Updated

Nigeria's government said Islamic extremists from Boko Haram have agreed to an immediate cease-fire, but many people expressed doubts Friday about a development that could end an insurgency that has killed thousands and left hundreds of thousands homeless in Africa's most populous nation.

The fate of more than 200 missing schoolgirls abducted by the insurgents six months ago still is being negotiated, Defense Ministry spokesman Maj. Gen. Chris Olukolade told The Associated Press.

But French President Francois Hollande welcomed the "good news" and told a news conference in Paris that the girls' release "could happen in the coming hours and days." France has been involved in negotiations that led to the release of several of its citizens kidnapped by Boko Haram in Cameroon.

Neither Hollande nor Nigerian government officials gave any details.

Boko Haram negotiators "assured that the schoolgirls and all other people in their captivity are all alive and well," Mike Omeri, the government spokesman on the insurgency, told a news conference.

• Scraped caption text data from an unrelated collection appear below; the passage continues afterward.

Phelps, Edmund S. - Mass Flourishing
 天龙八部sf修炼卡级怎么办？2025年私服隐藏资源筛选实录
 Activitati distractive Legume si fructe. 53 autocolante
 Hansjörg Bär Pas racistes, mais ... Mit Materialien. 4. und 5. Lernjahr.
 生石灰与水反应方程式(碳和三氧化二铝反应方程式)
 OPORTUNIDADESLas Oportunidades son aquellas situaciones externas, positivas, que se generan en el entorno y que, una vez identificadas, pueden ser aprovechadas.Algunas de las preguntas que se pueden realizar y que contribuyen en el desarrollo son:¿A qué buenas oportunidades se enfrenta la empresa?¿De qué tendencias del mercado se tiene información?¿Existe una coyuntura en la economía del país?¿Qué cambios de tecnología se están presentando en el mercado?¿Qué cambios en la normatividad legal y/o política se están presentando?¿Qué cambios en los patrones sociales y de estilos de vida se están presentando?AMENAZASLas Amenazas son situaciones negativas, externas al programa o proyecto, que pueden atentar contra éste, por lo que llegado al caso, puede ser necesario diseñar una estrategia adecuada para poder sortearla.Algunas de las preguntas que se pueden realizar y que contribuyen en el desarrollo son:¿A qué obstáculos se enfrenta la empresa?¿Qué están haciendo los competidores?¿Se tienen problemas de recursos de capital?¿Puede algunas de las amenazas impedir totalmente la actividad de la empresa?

The chief of defense staff, Air Marshal Alex Badeh, announced the truce Friday and ordered his troops to immediately comply with the agreement.

"Already, the terrorists have announced a cease-fire in furtherance of their desire for peace. In this regard, the government of Nigeria has, in similar vein, declared a cease-fire," Omeri said.

But there was no immediate word from Boko Haram, which limits its public engagement to video announcements by its leader, Abubakar Shekau. Last year, when a government minister charged with negotiations announced an agreement, the group quickly published a video with Shekau denying it. He said at that time that whoever the government negotiated with did not speak for him, and that he would never talk to infidels.

Boko Haram — the group's nickname means "education is sinful" — drew international condemnation with the April kidnapping of 276 girls and young women at a boarding school in the remote northeastern town of Chibok. Dozens escaped in the first couple of days, but 219 remain missing.

It could take days for word of a cease-fire to get to fighters of Boko Haram, which is broken into several groups. They include foreigners from neighboring countries Chad, Cameroon and Niger, where the insurgents also have camps.

Omeri confirmed there had been direct negotiations this week about the release of the abducted girls. Another official said the talks took place in Chad with Danladi Ahmadu, who was identified as the Saudi Arabia-based secretary general of Boko Haram. The official spoke on condition of anonymity because he is not authorized to talk to reporters.

But two people involved in previous negotiations with the extremists said they had never heard of Ahmadu. Both spoke on condition their names were not published because of the sensitivity of the issue.

Doubts also were expressed on Twitter by Ahmad Salkida, a Saudi-based Nigerian journalist living in self-exile because of his links with top leaders of Boko Haram.

Salkida suggested the cease-fire announcement was a political ploy as President Goodluck Jonathan prepares to announce he will run again for the presidency in February elections. Boko Haram leaders are "miffed," Salkida tweeted, that people are being "easily encased in deceit."

The chief government negotiator, Ambassador Hassan Tukur, said the Boko Haram representatives he had talked with had provided bona fides by freeing hostages.

In an interview with the BBC, Tukur said Boko Haram had promised to release Chinese construction workers kidnapped in Cameroon and the wife of a vice prime minister of Cameroon. Cameroon announced Oct. 11 that 27 hostages, including 10 Chinese and the Cameroonian official's wife, had been released.

"They promised us ... they would release (them) ... And they have done so," Tukur said on BBC radio.

Boko Haram had been demanding the release of detained extremists in exchange for the girls. Jonathan originally said he could not countenance a prisoner swap.

The original #BringBackOurGirls protest movement in Abuja, Nigeria's capital, called for confirmation of the truce from the president.

The principal of the school from which the girls were abducted, Asabe Kwambura, had mixed feelings about the news. "If what we hear is true, I will the happiest person in the world to see these girls of mine return home in one piece," she told The Associated Press.

"But many of us are still forced to doubt government" she added, saying the girls should long have been rescued.

Dozens more schoolgirls and boys, young women and men have been kidnapped by the extremists in a 5-year-old insurgency.

Jonathan told the United Nations last month that the extremists have killed 13,000 civilians. Hundreds of thousands have been driven from their homes, many of them farmers, causing a food emergency in the northeast of the country where the insurgency is centered.

In August, Boko Haram began seizing and holding territory where it declared a caliphate, apparently copying the Islamic State group fighting in Iraq and Syria.

But the tide appears to have turned in recent weeks, with the military wresting some towns from the extremists and reporting to have killed hundreds of Boko Haram fighters.